Kein Dirndl-Knigge, denn in der Tracht gibt's keine Sünd'
Nathalie Grossschädl in FALTER 30/2024 vom 26.07.2024 (S. 28)
Das Dirndl ist Jahr für Jahr Hauptakteur der Oktoberfestfolklore und darf auf keinem Kirtag fehlen. Vor fast 100 Jahren firmierte die alte alpenländische Volkstracht kurzzeitig als "mode à la Tyrolienne" in Modemagazinen. Dabei hat das Kleidungsstück eher Salzburger Wurzeln, erzählt die Südtiroler Ethnologin Elsbeth Wallnöfer in ihrem schmalen Buch "How to wear a Dirndl" über die Historie des Trachtenkleids. Später habe der Designer Carl Mayr, Bonvivant aus Henndorf am Wallersee, in den 1930er-Jahren die Schickeria im Salzburger Festspielmilieu auf das Couture-Dirndl gebracht.

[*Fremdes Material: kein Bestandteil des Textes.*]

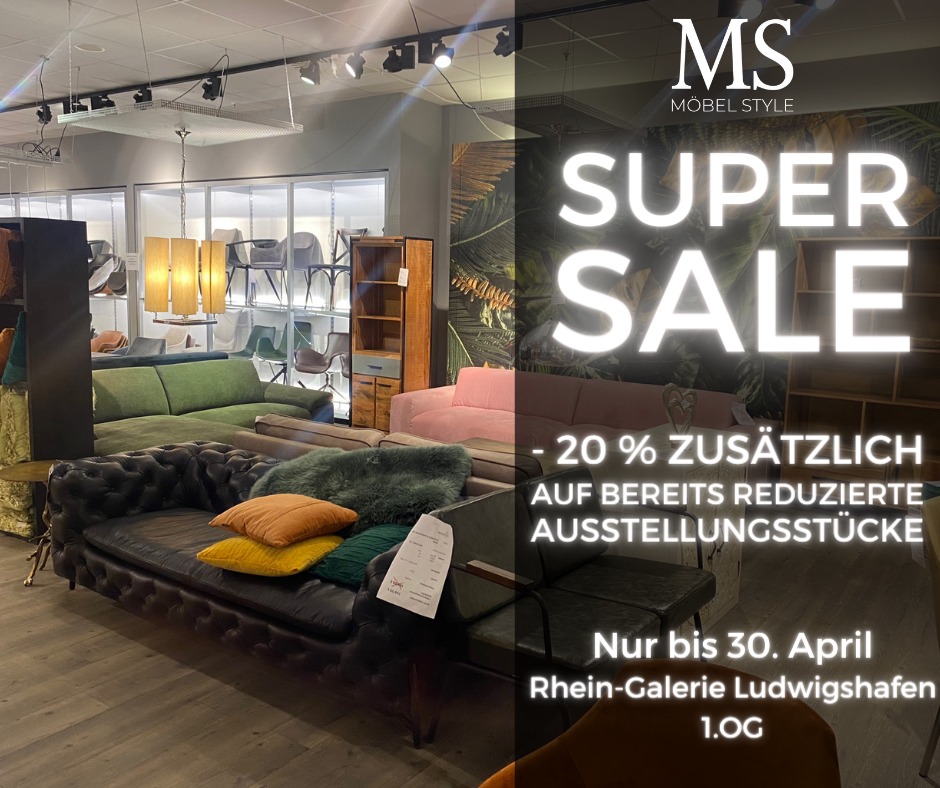 Moebel-Style.de - ❗️ LAGERVERKAUF ❗️ Ab sofort spart ihr bis zum 30. April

Nach dem Ersten Weltkrieg avancierte das Kleid zum Lieblingsoutfit für besondere Anlässe, und zur Faschingszeit waren Dirndlbälle angesagt, sogar in Wien: "Im März 1921 fand im Casino am Schwarzenbergplatz der erste Dirndlball statt." Und dann, bevor das Dirndl dank der kosmopolitisch ausgerichteten Festspiele international abheben konnte, legte sich der Mief über das Gewand. Mit dem Aufstieg der Nazis wurde die ursprünglich von kirchlichen Traditionen geprägte Tracht mit NS-Ideologie aufgeladen.
Dennoch schaffte sie es nach 1945, als Zeichen österreichischer Gemütlichkeit mit unpolitischem Charme aufzutreten. Der "Austrian Look" habe zur Imagepolitur als treuherziges Dirndl-Charming-Land wesentlich beigetragen, so Wallnöfer.
Die Heimatexpertin lässt in ihrem 100-Seiter auch Softporno-Kassenschlager wie "Unterm Dirndl wird gejodelt" mit Konstantin Wecker nicht unerwähnt und erklärt, wie sich das Prêt-à-porter-Teil zur Konsumklamotte entwickelte. Sogar US-Star Kim Kardashian trägt bei Bayernbesuchen Edeldirndl. Eine Gebrauchsanweisung benötige das Dirndl nicht, meint Wallnöfer, denn wie überall in der Mode sei auch in der Tracht alles erlaubt. Das Buch setzt sich spannend mit der Befreiung eines Kleidungsstücks auseinander und liest sich so spritzig, dass es sogar als Schwimmbadlektüre taugt.